Two lines mark the range in the entries below: the one holding "Heet Meester Gezagvoerder" and the one holding "2017 Chevrolet Corvette". Set down those two and all lines between them, exactly.

Input data:
=== Section Start ===

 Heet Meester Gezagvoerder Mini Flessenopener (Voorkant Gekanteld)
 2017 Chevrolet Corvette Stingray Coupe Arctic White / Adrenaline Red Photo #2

=== Section End ===
=== Section Start ===

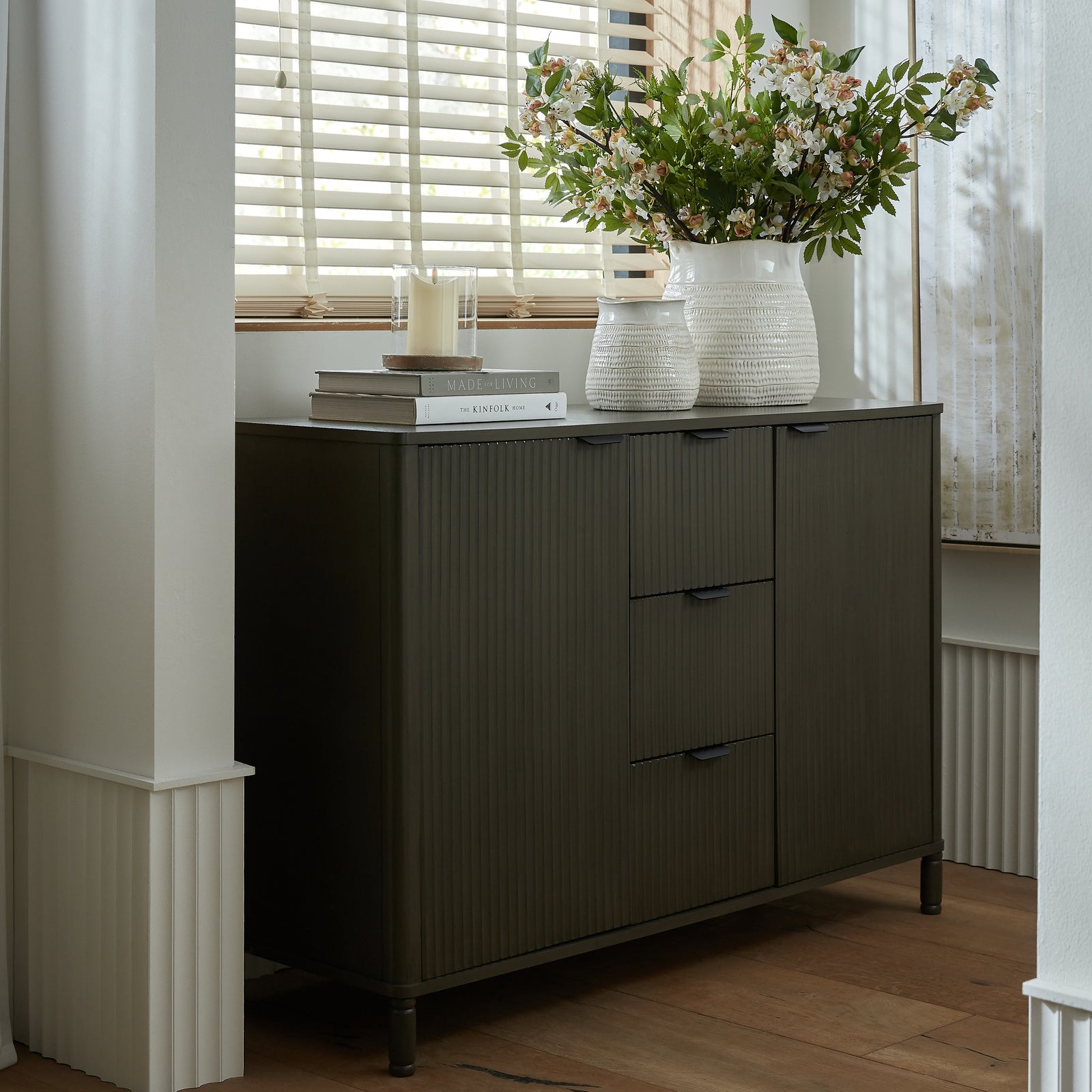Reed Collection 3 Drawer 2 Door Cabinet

=== Section End ===
=== Section Start ===

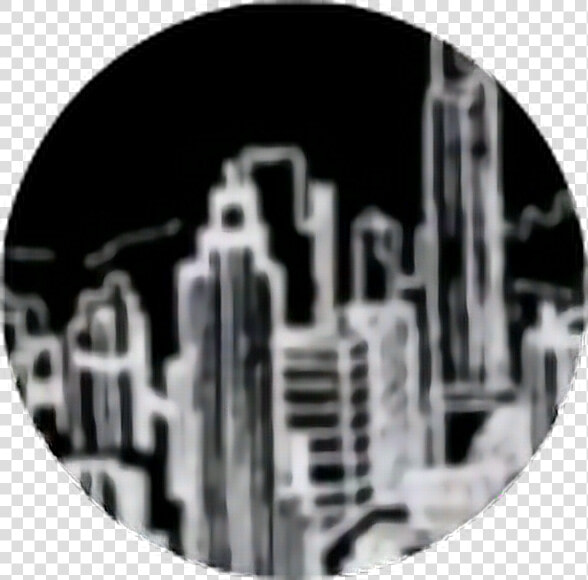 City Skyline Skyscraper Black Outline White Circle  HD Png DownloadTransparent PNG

=== Section End ===

Task answer:
 Heet Meester Gezagvoerder Mini Flessenopener (Voorkant Gekanteld)
 2017 Chevrolet Corvette Stingray Coupe Arctic White / Adrenaline Red Photo #2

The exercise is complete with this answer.